For Executive Compensation Advice, JPMorgan Goes to the Top

Monday morning brought news that JPMorgan's (JPM) corporate directors are "wrestling" with how to ding top executives' compensation for a humiliating $5.5 billion trading loss "without drastically reducing the executives' take-home pay," according to the Wall Street Journal.

How to slash executive pay without paying executives less poses an obvious conundrum. But if anyone can figure it out, it will be JPMorgan's three-man Compensation & Management Development Committee. The trio, it turns out, has a great deal of firsthand experience when it comes to big pay packages.

The comp committee's chairman, Lee Raymond, is likely the most knowledgeable, having taken home a $321 million severance package from ExxonMobil in 2005, the second-largest of the last decade. That was on top of his $51.5 million annual pay for his final year on the job, a sum that was five times that of rival Chevron's CEO.

Adding further compensation experience is William Weldon, who retired from Johnson & Johnson with a $143.5 million package earlier this year, despite a tenure that included "a succession of product recalls, manufacturing problems and government inquiries," as the New York Times put it. Weldon's total pay for his last full year on the job: $26.8 million.

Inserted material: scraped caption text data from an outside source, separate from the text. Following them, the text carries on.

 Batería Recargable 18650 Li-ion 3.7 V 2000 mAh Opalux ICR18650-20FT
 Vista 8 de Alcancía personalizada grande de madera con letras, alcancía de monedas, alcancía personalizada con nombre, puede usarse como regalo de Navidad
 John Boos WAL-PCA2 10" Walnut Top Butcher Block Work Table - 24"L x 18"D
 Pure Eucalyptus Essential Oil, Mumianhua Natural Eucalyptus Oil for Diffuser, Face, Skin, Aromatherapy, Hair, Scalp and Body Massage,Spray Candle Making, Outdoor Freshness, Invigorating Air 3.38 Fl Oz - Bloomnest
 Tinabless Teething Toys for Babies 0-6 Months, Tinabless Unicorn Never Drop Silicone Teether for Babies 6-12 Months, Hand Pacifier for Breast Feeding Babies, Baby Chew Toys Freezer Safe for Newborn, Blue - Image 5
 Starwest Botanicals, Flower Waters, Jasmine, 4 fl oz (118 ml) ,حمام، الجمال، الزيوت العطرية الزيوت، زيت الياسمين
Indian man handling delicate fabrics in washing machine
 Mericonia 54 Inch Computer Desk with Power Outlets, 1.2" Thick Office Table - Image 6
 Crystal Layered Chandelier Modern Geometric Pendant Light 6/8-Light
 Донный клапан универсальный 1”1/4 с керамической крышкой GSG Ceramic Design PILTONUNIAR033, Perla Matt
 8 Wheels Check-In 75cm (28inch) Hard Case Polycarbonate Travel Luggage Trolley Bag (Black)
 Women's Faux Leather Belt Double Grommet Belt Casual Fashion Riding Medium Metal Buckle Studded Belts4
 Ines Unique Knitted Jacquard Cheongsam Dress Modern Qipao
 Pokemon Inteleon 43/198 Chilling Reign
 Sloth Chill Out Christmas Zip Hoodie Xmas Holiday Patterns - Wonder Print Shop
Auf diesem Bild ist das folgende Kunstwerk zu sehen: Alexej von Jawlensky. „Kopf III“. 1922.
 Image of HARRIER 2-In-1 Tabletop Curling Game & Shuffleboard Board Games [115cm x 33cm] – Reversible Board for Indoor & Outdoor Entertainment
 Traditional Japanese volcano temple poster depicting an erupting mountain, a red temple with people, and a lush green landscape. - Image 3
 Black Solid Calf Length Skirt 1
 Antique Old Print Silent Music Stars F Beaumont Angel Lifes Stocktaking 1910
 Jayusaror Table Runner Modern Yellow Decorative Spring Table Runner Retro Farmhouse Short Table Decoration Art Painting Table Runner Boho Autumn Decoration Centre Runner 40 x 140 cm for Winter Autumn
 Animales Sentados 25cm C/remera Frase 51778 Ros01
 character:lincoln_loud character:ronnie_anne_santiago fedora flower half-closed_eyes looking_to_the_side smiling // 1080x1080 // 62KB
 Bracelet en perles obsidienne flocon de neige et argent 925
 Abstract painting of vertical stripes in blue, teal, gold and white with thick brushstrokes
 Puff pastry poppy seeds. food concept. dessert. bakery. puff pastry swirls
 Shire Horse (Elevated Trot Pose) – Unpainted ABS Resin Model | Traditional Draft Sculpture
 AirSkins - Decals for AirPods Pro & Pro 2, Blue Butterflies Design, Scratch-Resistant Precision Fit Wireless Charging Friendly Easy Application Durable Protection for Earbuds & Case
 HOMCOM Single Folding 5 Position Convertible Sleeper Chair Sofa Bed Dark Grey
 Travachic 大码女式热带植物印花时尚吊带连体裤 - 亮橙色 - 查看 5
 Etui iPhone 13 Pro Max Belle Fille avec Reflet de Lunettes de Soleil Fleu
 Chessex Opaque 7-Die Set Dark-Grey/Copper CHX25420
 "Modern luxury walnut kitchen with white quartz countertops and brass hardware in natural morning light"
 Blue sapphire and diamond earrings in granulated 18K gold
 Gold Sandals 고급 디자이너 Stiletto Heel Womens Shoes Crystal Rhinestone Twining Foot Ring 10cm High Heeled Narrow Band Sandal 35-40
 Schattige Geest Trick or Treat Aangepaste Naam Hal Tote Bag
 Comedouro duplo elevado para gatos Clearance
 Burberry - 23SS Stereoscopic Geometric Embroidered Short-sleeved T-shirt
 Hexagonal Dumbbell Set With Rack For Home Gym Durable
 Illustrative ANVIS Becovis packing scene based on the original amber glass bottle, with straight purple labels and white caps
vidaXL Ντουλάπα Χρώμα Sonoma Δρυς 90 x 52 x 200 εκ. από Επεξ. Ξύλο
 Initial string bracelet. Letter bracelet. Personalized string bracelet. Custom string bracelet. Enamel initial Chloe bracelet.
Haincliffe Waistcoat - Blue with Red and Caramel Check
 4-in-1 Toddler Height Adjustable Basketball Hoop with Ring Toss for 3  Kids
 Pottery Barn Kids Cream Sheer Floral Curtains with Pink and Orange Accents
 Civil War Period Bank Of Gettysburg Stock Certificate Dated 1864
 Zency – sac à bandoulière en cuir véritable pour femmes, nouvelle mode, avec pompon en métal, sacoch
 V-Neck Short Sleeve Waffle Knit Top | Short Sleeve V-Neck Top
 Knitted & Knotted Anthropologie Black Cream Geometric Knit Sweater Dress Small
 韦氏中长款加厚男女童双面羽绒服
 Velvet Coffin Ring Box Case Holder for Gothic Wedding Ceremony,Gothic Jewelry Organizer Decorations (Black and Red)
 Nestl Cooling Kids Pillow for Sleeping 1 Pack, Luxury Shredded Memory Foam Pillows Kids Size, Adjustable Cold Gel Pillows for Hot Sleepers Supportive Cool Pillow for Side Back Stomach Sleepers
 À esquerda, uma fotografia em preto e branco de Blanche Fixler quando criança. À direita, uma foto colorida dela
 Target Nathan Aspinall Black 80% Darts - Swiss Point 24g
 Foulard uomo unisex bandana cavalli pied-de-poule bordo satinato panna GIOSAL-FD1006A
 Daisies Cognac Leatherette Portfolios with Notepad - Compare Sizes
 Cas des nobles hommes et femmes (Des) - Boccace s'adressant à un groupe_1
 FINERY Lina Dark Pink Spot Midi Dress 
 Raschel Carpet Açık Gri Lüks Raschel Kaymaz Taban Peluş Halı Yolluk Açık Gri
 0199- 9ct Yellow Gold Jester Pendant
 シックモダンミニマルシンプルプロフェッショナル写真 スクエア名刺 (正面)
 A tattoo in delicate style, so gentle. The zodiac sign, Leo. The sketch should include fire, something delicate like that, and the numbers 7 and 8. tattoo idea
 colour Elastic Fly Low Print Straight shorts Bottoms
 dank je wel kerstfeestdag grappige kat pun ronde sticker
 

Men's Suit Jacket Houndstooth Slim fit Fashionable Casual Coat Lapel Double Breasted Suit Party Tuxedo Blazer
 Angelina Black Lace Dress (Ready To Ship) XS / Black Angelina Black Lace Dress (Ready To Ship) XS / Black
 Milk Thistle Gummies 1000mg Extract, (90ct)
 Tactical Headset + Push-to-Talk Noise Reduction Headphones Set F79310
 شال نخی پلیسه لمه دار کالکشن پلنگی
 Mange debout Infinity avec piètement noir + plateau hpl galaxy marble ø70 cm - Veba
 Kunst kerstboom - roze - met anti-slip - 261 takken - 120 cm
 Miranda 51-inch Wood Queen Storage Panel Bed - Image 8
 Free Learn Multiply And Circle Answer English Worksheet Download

Rounding out the committee is NBC Universal Chief Steve Burke, who earned $23.7 million last year for running the jointly owned Comcast-GE entertainment company. That wasn't his best performance — in prior years, he's out-earned the CEO of Comcast, his boss — but at 54, he's got plenty of time to work himself into a higher pay grade.

Compared with the packages the comp committee has received, isn't Jamie Dimon's 2011 compensation of $20.8 million already punishment enough?